■ **WHAT IS REQUIRED**
Make an exact transcript of the lines in the data below, starting with the one containing "Chin Implant after 414148" and going on through the one containing "anciano con perdida dental", with both included and the pictures left out.

■ **SUPPLIED DATA**
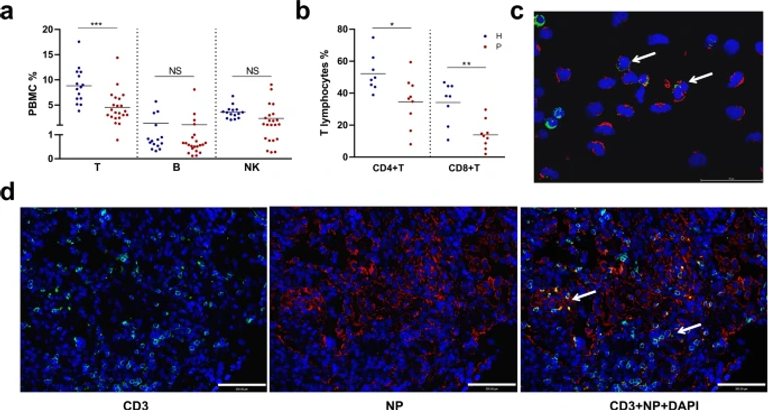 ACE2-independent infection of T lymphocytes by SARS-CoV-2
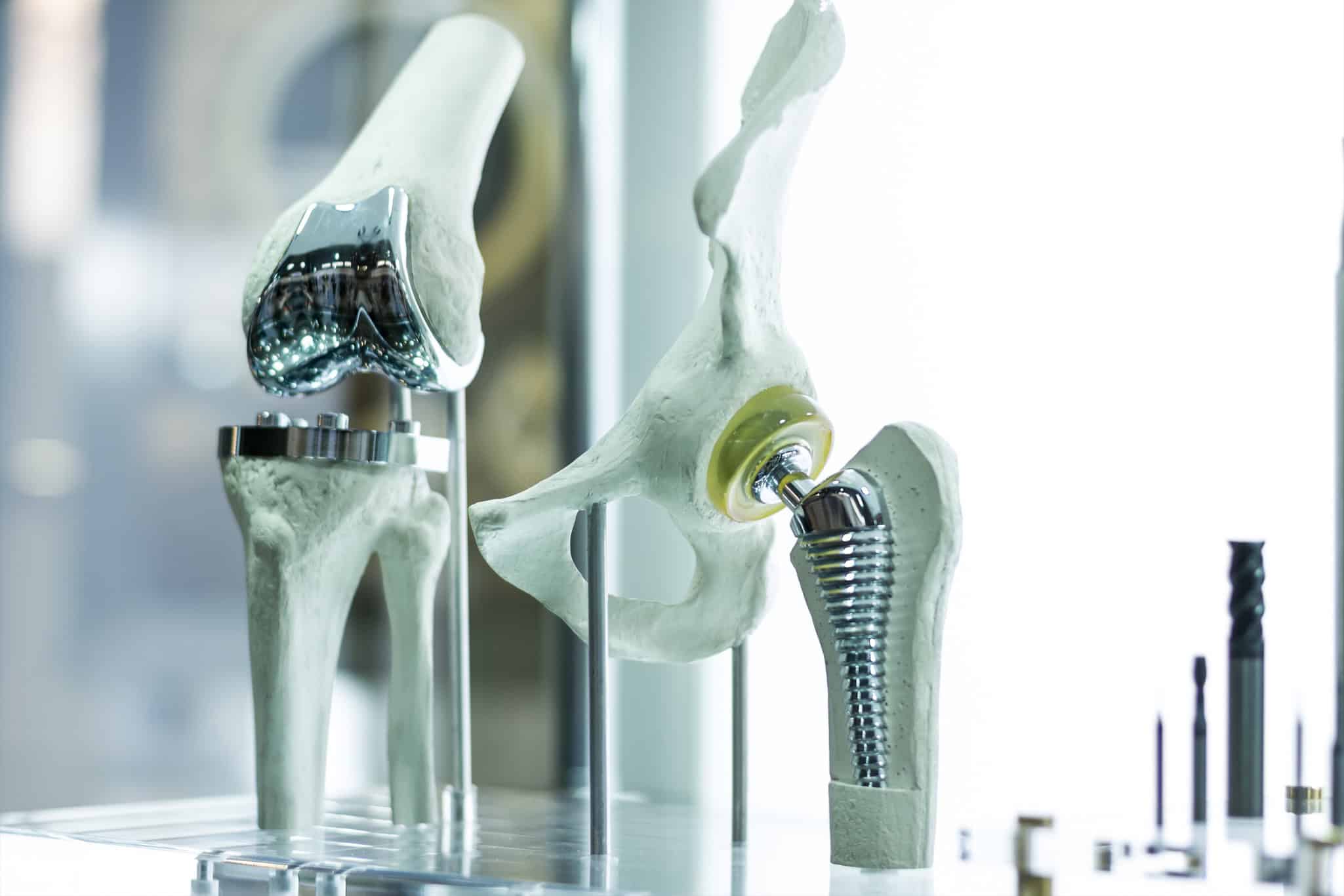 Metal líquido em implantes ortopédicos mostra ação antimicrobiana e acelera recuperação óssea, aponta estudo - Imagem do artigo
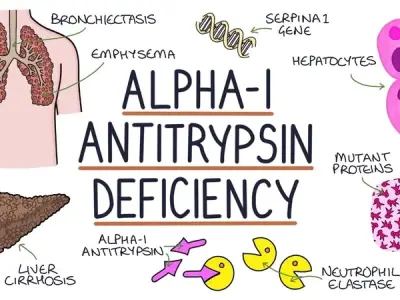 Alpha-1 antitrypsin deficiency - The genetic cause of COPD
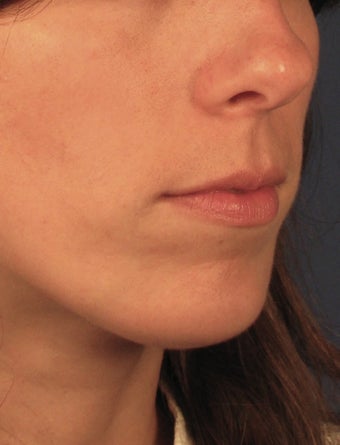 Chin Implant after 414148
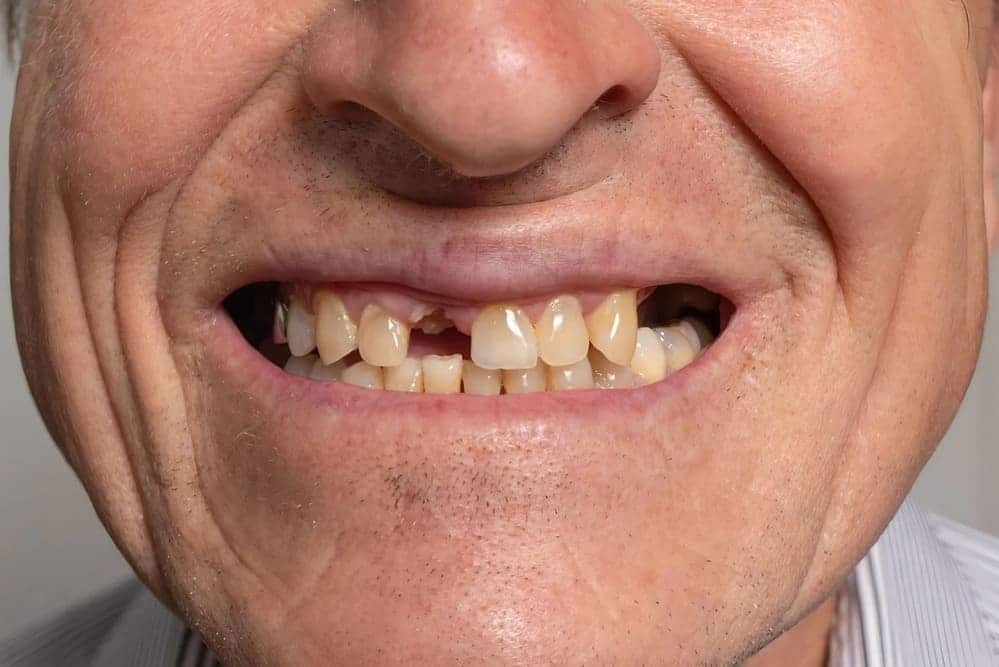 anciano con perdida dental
==
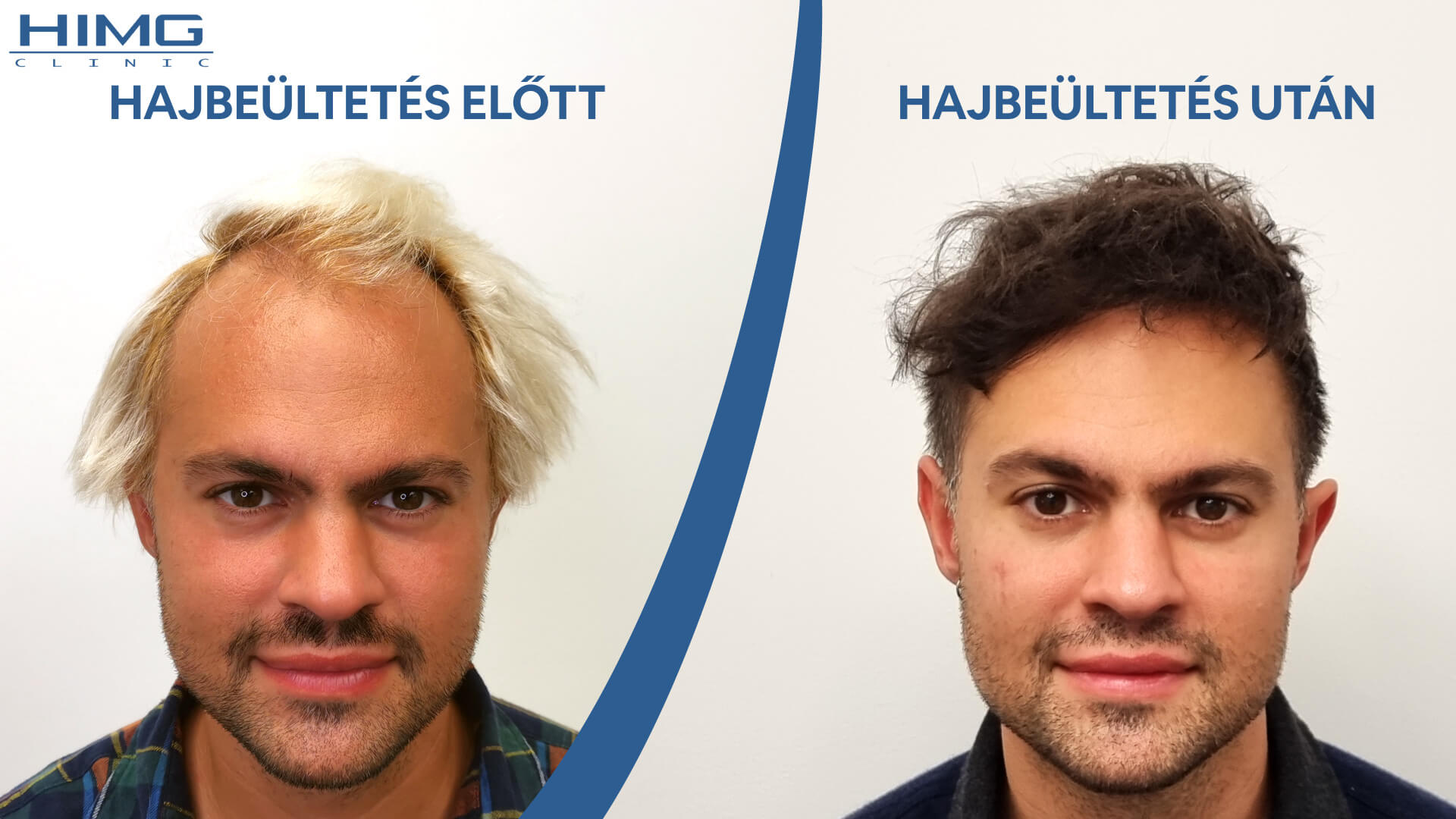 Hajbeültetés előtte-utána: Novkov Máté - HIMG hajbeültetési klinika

■ **PROBLEM SOLUTION**
 Chin Implant after 414148
 anciano con perdida dental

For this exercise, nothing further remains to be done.